Federal Department of Transportation (DOT) guidelines that would impose mandatory drug and alcohol testing on most of the nation's transportation workers who are not already covered could cost more than $2 billion over a 10-year period (Richard Weintraub, "Transport Workers Face Random Alcohol Tests: Unions Criticize DOT Proposals," Washington Post, 12/11/92, A1; Mitch Maurer, "Drug Testing Hot Topic in Transport Industry," Tulsa World, 12/15/92, B7).

Estimated costs for the aviation, rail, mass transit, and pipeline industries for the proposed testing range from $260 million to $430 million over 10 years, while the estimated cost for motor carriers over that period runs from $1.2 billion to $2.4 billion. The range is based on frequency of random testing.

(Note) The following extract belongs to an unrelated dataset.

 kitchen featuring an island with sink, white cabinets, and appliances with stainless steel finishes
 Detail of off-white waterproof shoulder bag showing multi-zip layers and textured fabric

DOT already mandates urine testing for airline pilots and mechanics, train engineers, and truck drivers. The new proposals would extend testing to additional truck, van and bus drivers, and additional railroad, mass transit, and airline industry personnel. Air Transport Association (ATA) spokesman Tim Neale expressed fear that the new regulations would disrupt operations, and a transportation union local president said the proposal, if implemented, would waste money.

Opponents pointed out that airline and other transportation workers tested under current guidelines have shown extremely low levels of drug use. The ATA has petitioned to have both current and proposed regulations revised so that only 10 percent of airline workers, rather than 50 percent, as under current rules, would be subjected to testing.

The proposed random alcohol testing regulations would subject from 10 percent to 50 percent of transportation workers to alcohol tests. The combined drug and alcohol testing would affect about 6 million commercial truckers, 80,000 railroad engineers, brakemen, dispatchers, signal maintenance workers, and conductors, 200,000 mass transit vehicle operators, controllers and maintenance workers, 120,000 gas pipeline operators, and 340,000 airline flight crew members, attendants, traffic controllers, maintenance workers, and security coordinators.